Regarding notation, $\displaystyle |G:H|$ means the number of left cosets of $\displaystyle H$ in $\displaystyle G$, that is, the number of elements in the set $\displaystyle \{gH:g\in G\}$. Also, $\displaystyle |N|$ is just the order of $\displaystyle N$, that is, the number of elements in $\displaystyle N$. Finally, $\displaystyle (a,b)$ denotes the greatest common divisor of the integers $\displaystyle a,b$.

I could probably get these with enough time, but I'm fresh out of it. Any hints (or heck, even just complete solutions) would be much appreciated!

2. For problem 1, since $\displaystyle G$ is finite, we have $\displaystyle |G:N|=|G|/|N|$, so the condition can be rephrased as $\displaystyle \gcd(|N|,|G|/|N|)=1$. I would try to prove by contradiction: suppose there is a another subgroup $\displaystyle N'$ such that $\displaystyle |N'|=|N|$. Then I would consider the quotient group $\displaystyle G/N$ and try mapping $\displaystyle N'$ into it, using the canonical homomorphism.

For problem 2, we can assume that $\displaystyle |G:K|$ and $\displaystyle |K:H|$ are finite. Let the collection of left cosets of $\displaystyle K$ in $\displaystyle G$ be $\displaystyle \{a_iK\ |\ i=1,2,\ldots r\}$ and the left cosets of $\displaystyle H$ in $\displaystyle K$ be $\displaystyle \{b_jH\ |\ j=1,2,\ldots s\}$. It would suffice to show that the set $\displaystyle \{a_ib_jH\ |\ i=1,2,\ldots r; j=1,2,\ldots s\}$ is the collection of left cosets of $\displaystyle H$ in $\displaystyle G$.

Can you give that a shot?

3. You may not have it in your group theory arsenal yet, but if you do,

Question 1. follows easily from Sylow's Theorem.

4. Thanks for the hints guys! I was able to get (1). However, problem (2) is still giving me trouble...

Originally Posted by roninpro
For problem 2, we can assume that $\displaystyle |G:K|$ and $\displaystyle |K:H|$ are finite. Let the collection of left cosets of $\displaystyle K$ in $\displaystyle G$ be $\displaystyle \{a_iK\ |\ i=1,2,\ldots r\}$ and the left cosets of $\displaystyle H$ in $\displaystyle K$ be $\displaystyle \{b_jH\ |\ j=1,2,\ldots s\}$. It would suffice to show that the set $\displaystyle \{a_ib_jH\ |\ i=1,2,\ldots r; j=1,2,\ldots s\}$ is the collection of left cosets of $\displaystyle H$ in $\displaystyle G$.
That's the approach I initially planned, but I just haven't had any luck getting the proof to fall together.
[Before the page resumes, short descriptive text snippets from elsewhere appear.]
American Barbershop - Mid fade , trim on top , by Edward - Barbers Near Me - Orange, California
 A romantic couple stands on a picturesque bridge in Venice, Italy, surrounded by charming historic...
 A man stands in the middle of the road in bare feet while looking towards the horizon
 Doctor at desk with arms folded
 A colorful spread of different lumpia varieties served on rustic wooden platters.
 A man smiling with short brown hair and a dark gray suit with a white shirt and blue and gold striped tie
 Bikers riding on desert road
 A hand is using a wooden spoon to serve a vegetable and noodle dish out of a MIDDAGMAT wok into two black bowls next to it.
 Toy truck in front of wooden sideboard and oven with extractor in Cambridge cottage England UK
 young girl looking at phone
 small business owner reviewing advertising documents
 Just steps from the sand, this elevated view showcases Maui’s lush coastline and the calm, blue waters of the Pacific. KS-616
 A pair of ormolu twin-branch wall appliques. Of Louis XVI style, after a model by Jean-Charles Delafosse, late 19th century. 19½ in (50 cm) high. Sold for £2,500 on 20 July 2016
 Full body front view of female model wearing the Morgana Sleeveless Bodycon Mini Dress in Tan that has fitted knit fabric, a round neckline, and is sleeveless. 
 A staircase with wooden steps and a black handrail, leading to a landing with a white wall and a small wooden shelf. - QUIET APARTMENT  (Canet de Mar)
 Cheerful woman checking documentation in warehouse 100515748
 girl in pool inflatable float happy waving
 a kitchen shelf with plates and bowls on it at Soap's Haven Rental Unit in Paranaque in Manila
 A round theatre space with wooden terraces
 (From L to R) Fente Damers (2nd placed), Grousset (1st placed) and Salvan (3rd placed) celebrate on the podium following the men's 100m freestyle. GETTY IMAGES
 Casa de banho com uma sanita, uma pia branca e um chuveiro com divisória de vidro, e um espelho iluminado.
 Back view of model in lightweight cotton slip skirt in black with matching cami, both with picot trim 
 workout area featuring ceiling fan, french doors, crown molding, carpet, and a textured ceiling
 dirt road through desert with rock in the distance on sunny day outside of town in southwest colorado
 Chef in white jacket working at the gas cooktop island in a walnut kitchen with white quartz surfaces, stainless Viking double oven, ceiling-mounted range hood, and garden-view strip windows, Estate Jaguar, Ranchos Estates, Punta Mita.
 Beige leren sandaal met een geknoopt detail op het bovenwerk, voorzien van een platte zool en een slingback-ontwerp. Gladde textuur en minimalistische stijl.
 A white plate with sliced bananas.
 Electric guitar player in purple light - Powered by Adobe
Ordinarily I'd take a day or two away from it, and come back to it later with fresh eyes. Unfortunately, I'm nearly out of time, with only a couple hours to go.

5. The proof has two parts: you must show that (1) all of the cosets are distinct and (2) every left coset of $\displaystyle H$ in $\displaystyle G$ can be written in the form $\displaystyle a_ib_jH$.

For (1), what happens if $\displaystyle a_ib_jH=a_\alpha b_\beta H$?

For (2), what would it take for $\displaystyle gH=a_ib_iH$ (where $\displaystyle g\in G$)?